▶ _Work task_:
Instruction for the entries below: return the part that opens with the line containing "Football Swivel Task" and closes with the line containing "Aurelie Textured Wood", exactly, and no pictures.

▶ _Stored data_:

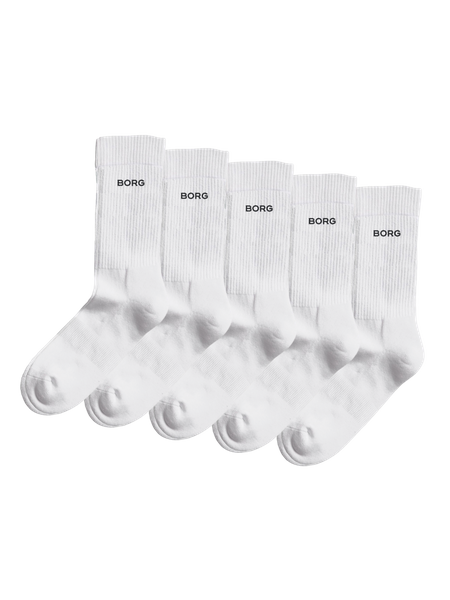 Björn Borg Essential Crew Socks 5-pack Vit, 35-38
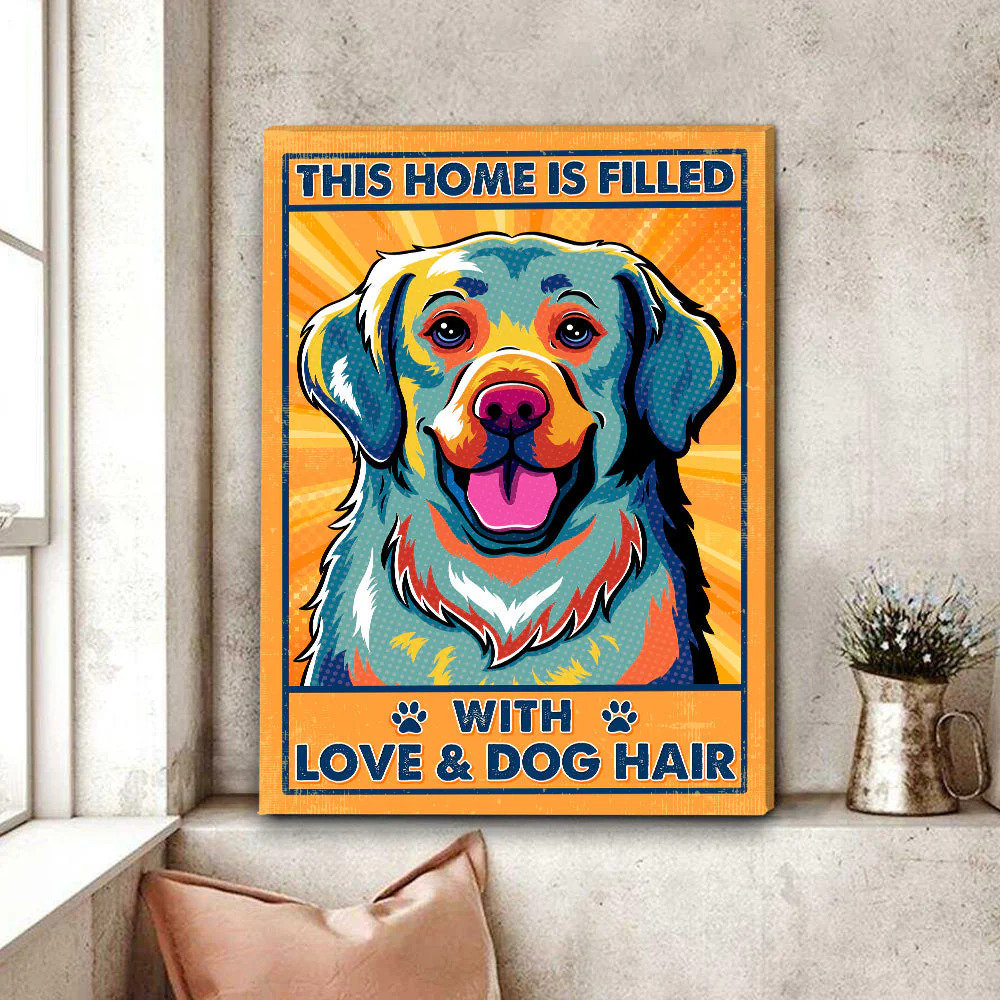 This Home Is Filled With Dog 3 - Canvas Print - Image 5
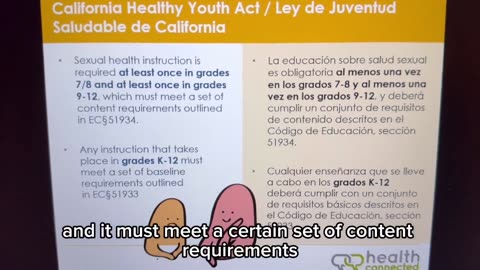 “Puberty Talk” curriculum at Woodland Unified School District in California.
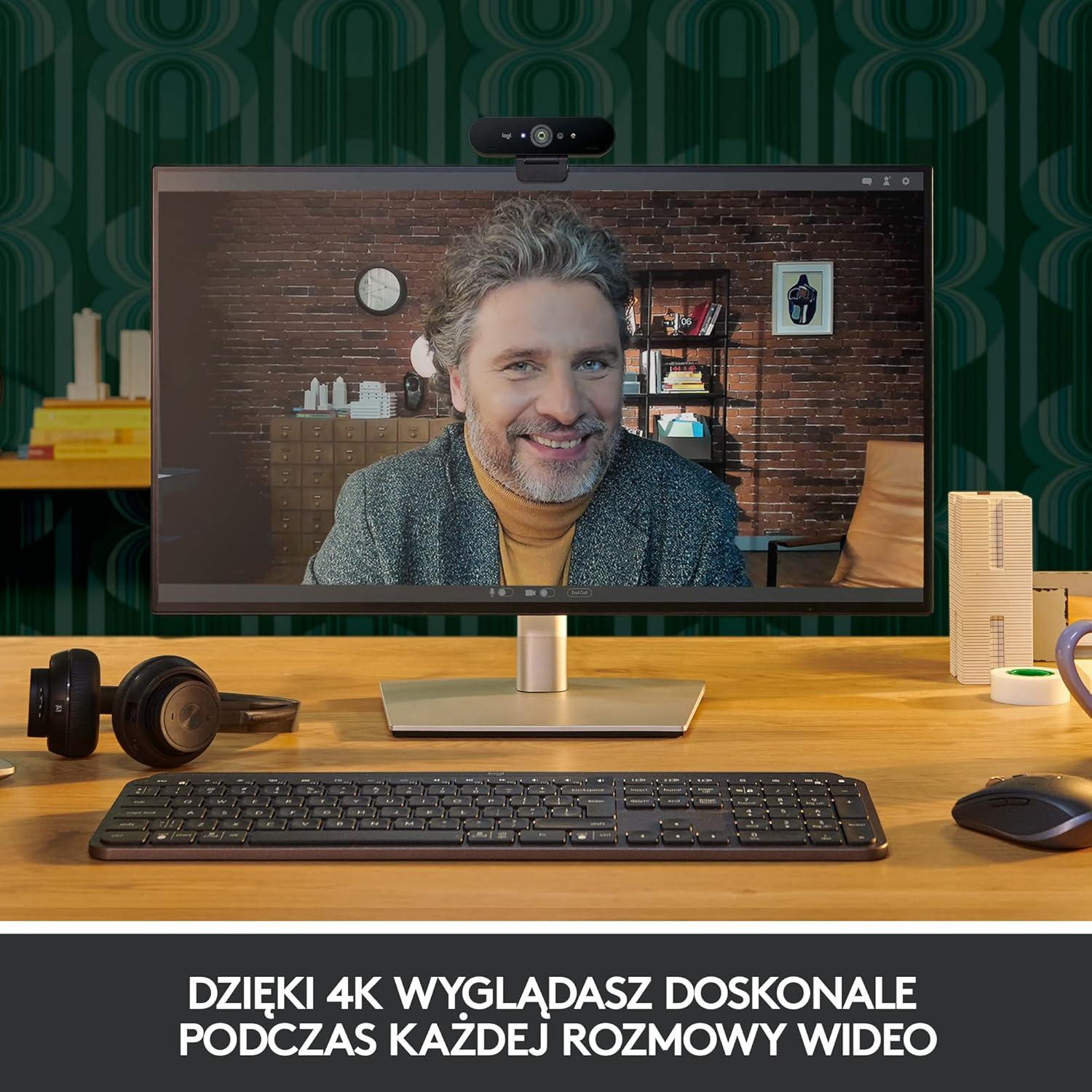 Webcam Logitech BRIO Stream 1080p 60fps USB 3.0 Negra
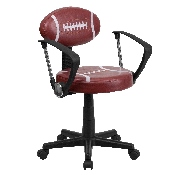 Football Swivel Task Office Chair with Arms, BT-6181-FOOT-A-GG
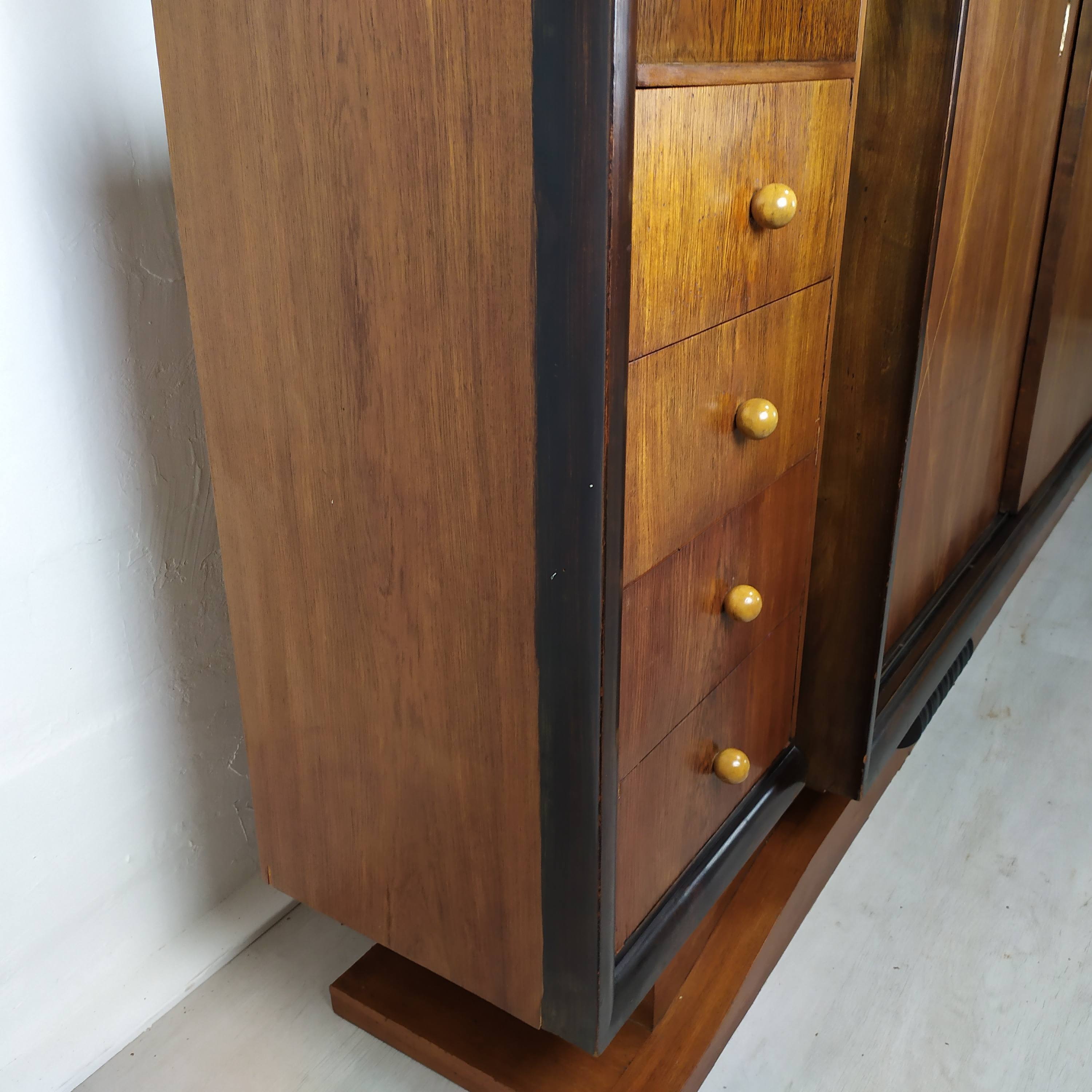 Art Deco library cabinet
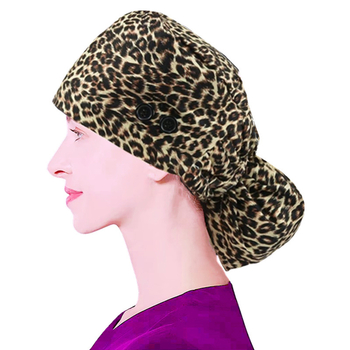 Pălărie plată din bumbac, țesătură twill, model cu flori, curea elastică pe spate, imprimare logo opțional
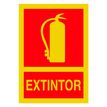 8435080904627-Rotulauto - Signe - extinguisher CO2 - 210 x 297 mm - PVC - rouge, luminescent-P_500645_1-0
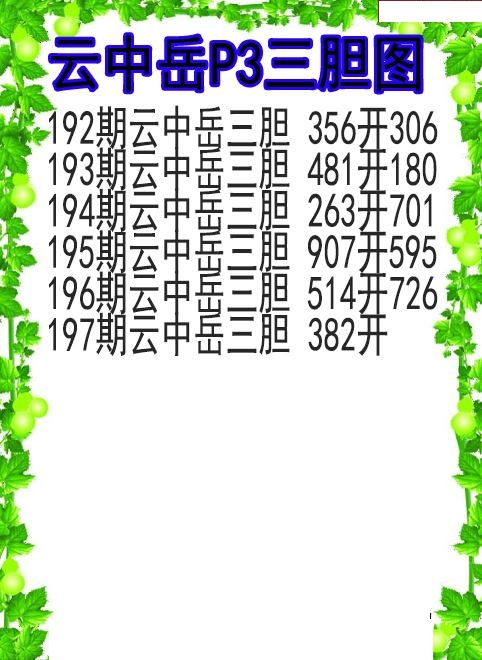 云中岳三胆图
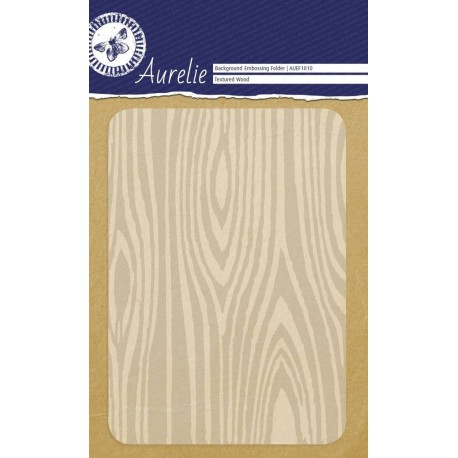 Aurelie Textured Wood Background Embossing Folder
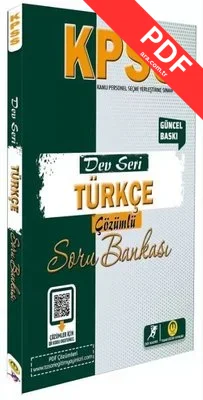 KPSS Türkçe Dev Seri Soru Bankası Çözümlü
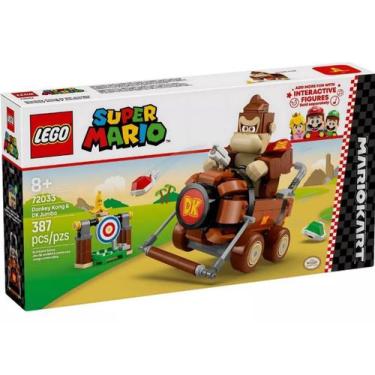 Imagem de Nintendo Super Mario Kart Donkey Kong E Dk Jumbo Lego 72033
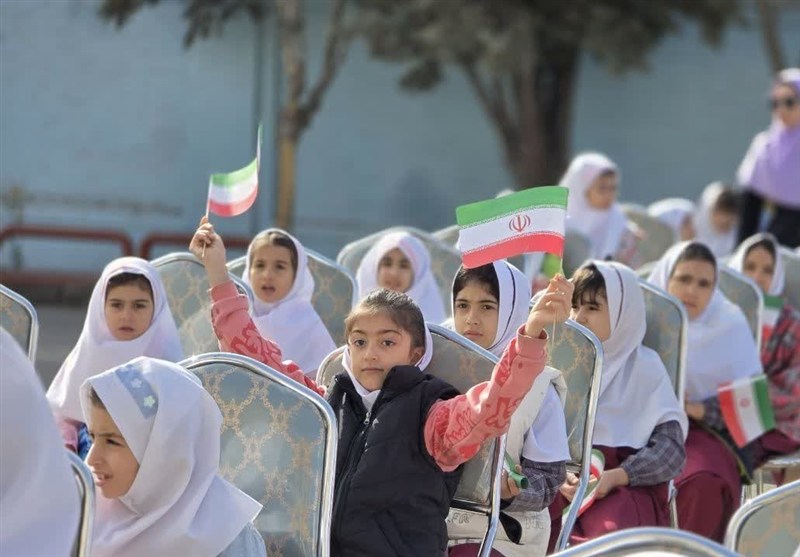 زنگ آغاز سال تحصیلی در مدارس شهراندیشه نواخته شد+تصویر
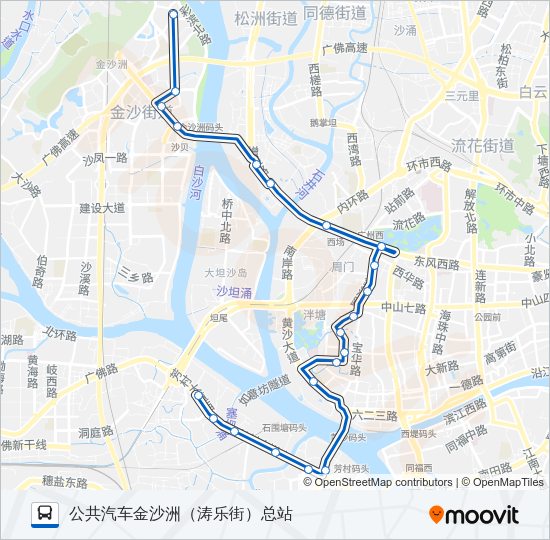 公交55路的线路图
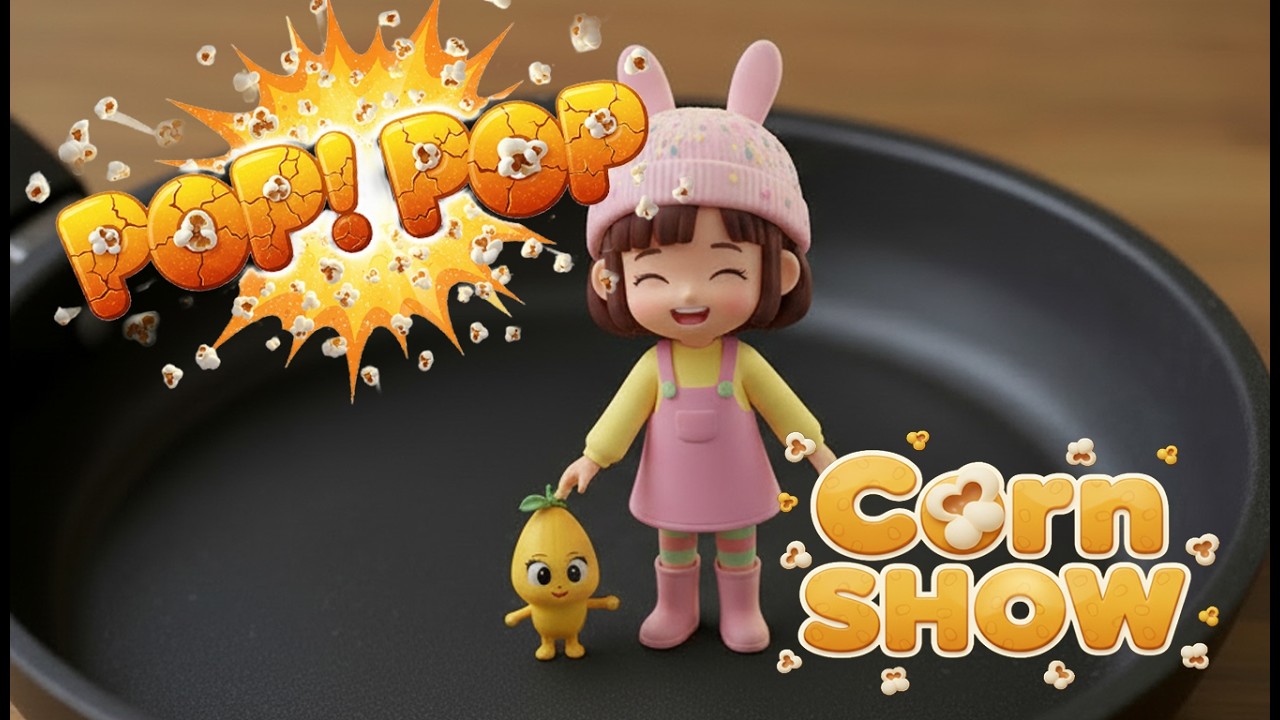 POP! POP Corn Show | Corn Family Figure Skating Jump Show | Corn Family Olympic Ice Show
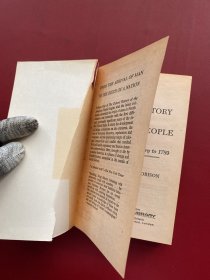 The Oxford History of the American People (Volume 1) 小32开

▶ _Output_:
 Football Swivel Task Office Chair with Arms, BT-6181-FOOT-A-GG
 Art Deco library cabinet
 Pălărie plată din bumbac, țesătură twill, model cu flori, curea elastică pe spate, imprimare logo opțional
 8435080904627-Rotulauto - Signe - extinguisher CO2 - 210 x 297 mm - PVC - rouge, luminescent-P_500645_1-0
 云中岳三胆图
 Aurelie Textured Wood Background Embossing Folder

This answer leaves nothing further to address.